Help with SAS code for merging records based on family interrelationships

#1

I am working on creating a study sample using the South African 2001 Census and 2007 Community Survey data. The main variable of interest we are looking at is the number of children born alive who have died for each mother (CHBORN minus CHSURV). The sample we’d like to create would include all individuals identified as mothers, with "paternal’ (‘paternal’ as in the men who are fathers to her children) and child variables added on to each maternal record.

I found the sample SAS code for merging records based on family interrelationship available in the first End Note of the Family Interrelationships page to be very helpful. However, when I run this code, the new data set has a greater number of observations then the original. Can you help me figure out what is going wrong here?

Thanks,

Stephanie

#2

I was not able to reproduce your problem using an extract I created. Please attach a file containing your syntax in a reply to this question or send a copy of you syntax file to ipums@umn.edu so that I can get a better understanding of what may be causing your problem.

#3

“I was not able to reproduce your problem using an extract I created. Please attach a file containing your syntax in a reply to this question or send a copy of you syntax file to ipums@umn.edu so that I can get a better understanding of what may be causing your problem.”

Thank you for your reply.

I have attached a text file with my syntax in my reply. When I run each set of procedures to attach each spouse characteristic, I get a data set with more records than the previous data set.

Original extract: 4,773,312 records

Merge 1: 4,773,755 records

Merge 2: 4,775,194 records

Merge 3: 4,783,462 records

Merge 4: 5,196,790 records

I have more characteristics I want to attach, but I’ve stopped until I figure out what I am doing wrong here. Thank you for your help.
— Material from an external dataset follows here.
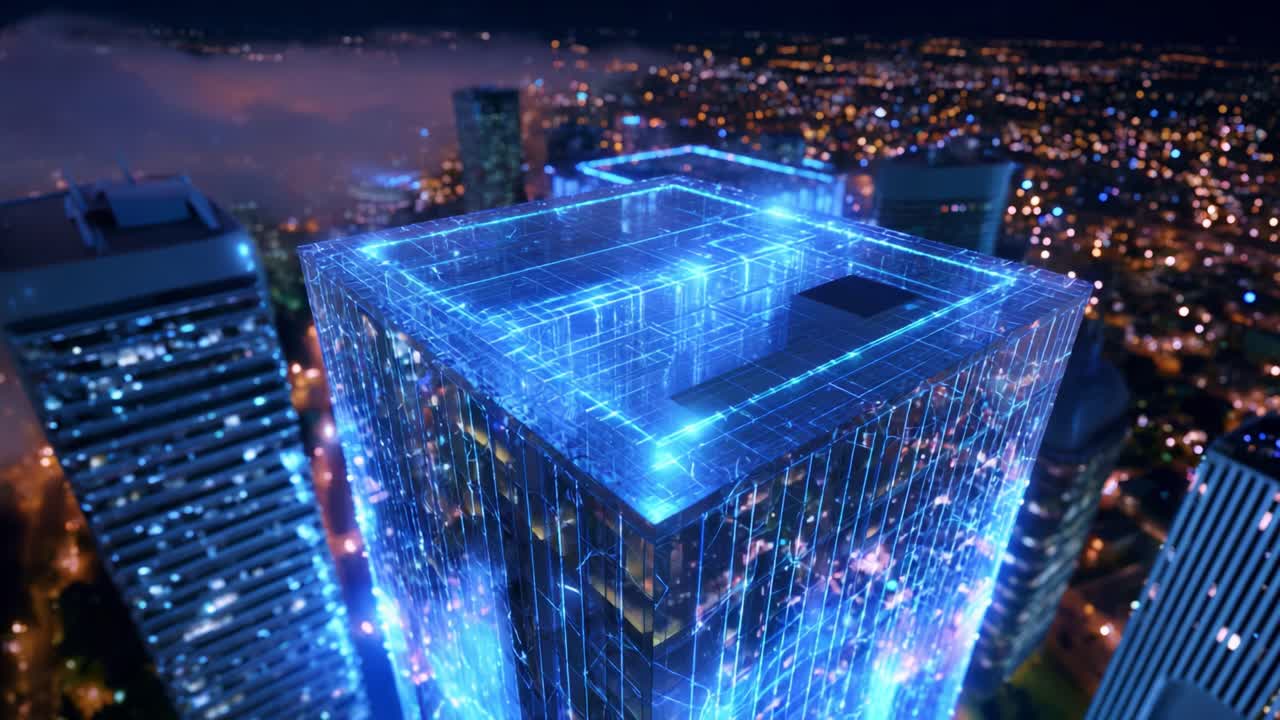 A Stunning Visualization of Futuristic Skyscrapers Illuminated at Night, Showcasing Glowing Grid Patterns and Advanced Architectural Design Against a Backdrop of a Vibrant Cityscape Dotted with Twinkling Lights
Merging syntax-1.txt (2.43 KB)
Merging syntax.txt (2.43 KB)

#4

As I have been looking into this further, it appears that the problem is stemming from individuals in polygamous marriages. If you look at the variables age_sp and your merged variable sp_age you will see that about 870 individuals do not have matching values (even though everyone should), this is due to some men having multiple wives, but only one of them can be that man’s SPLOC value.

One way around this may be to create two separate datasets, one containing only women and another containing only men, then merge the men dataset onto the women dataset using the variable sploc from the women dataset and the variable pernum from the men dataset. Since you are interested primarily in women you could then discard the men dataset.
I hope this helps.

#5

Thank you so much for looking into this for me.

I’ve created two separate datasets, one containing only women and one containing only men, but I’m unclear on how exactly to merge the men dataset onto the women data set. Could you explain how to in a little more detail and perhaps attach a sample SAS code?

Again, that you for your assistance with this!

#6

Basically you would use the same merging proceedure, but with the WOMEN dataset AS a and the MEN dataset AS b.

One thing to to differnetly, however, would be to rename the MEN variable pernum to sploc because now you will be merging on the WOMEN variable sploc. You should also remember to rename the MEN age variable to SP_AGE. Finally make sure both datasets are sorted on year, serial, and sploc

The merging procedure should look something like this:

CREATE TABLE IPUMS.merged1

AS SELECT a.*, b.SP_AGE label=“Spouse’s age”

FROM women AS a LEFT JOIN men AS b

ON (a.year=b.year AND a.serial=b.serial AND a.sploc=b.sploc) ;

QUIT ;